Artist grant changed the way Joel Slotte made art
For Joel Slotte, who grew up in Kokkola, the provincial capital of Central Ostrobothnia, art has always been a part of his life. Even as a child he regularly went to art exhibitions with his parents and spent a large part of his time drawing. The concept of structuring the world visually was present in his everyday life, especially through his newspaper photographer father, who talked a lot about photography at home.
However, making art a profession was not a primary option for Slotte when he was young. Kokkola is known for its industry, and the feeling among young people already early on was that everyone should get a traditional day job.
“Making ends meet was on everyone’s mind because we were children of the economic depression. It was considered hard to make a living as an artist.

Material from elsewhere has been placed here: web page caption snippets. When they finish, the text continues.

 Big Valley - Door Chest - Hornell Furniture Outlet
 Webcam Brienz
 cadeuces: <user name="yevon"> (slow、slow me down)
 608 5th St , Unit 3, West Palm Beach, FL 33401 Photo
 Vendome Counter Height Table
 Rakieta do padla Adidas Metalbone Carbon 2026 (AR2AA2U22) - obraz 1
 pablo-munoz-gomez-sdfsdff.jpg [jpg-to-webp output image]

And it is true, of course, that it is not the easiest profession financially,” Slotte recalls.
I eventually graduated and decided to see where it would lead me, even though the lack of safety nets made me nervous.
Slotte took his first concrete step towards becoming a professional artist in his twenties, when he applied to the Nordic Art School in Kokkola. The sense of purpose of the international students who studied at the school inspired him to apply to the Academy of Fine Arts, where he studied in the painting department.

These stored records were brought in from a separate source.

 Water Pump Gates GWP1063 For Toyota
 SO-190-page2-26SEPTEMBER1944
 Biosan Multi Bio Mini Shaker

“There too, I felt a last-minute hesitation about whether to apply elsewhere. Nevertheless, I eventually graduated and decided to see where it would lead me, even though the lack of safety nets made me nervous. Little by little, however, I started getting grants between periods of unemployment,” says Slotte.
Artist grant has boosted confidence
The Arts Promotion Centre Finland (Taike) awarded Slotte a three-year artist grant in 2020. The positive grant decision came at the right time, as his previous grant period had come to an end just a few months prior.
Having been used to receiving grants for no more than a year at a time during his career, Slotte acknowledges that receiving a three-year grant has been very important.
“I no longer make just paintings and stress about whether they are successful. Now I have multiple channels open to me, and making art seems much more relaxed,” Slotte admits.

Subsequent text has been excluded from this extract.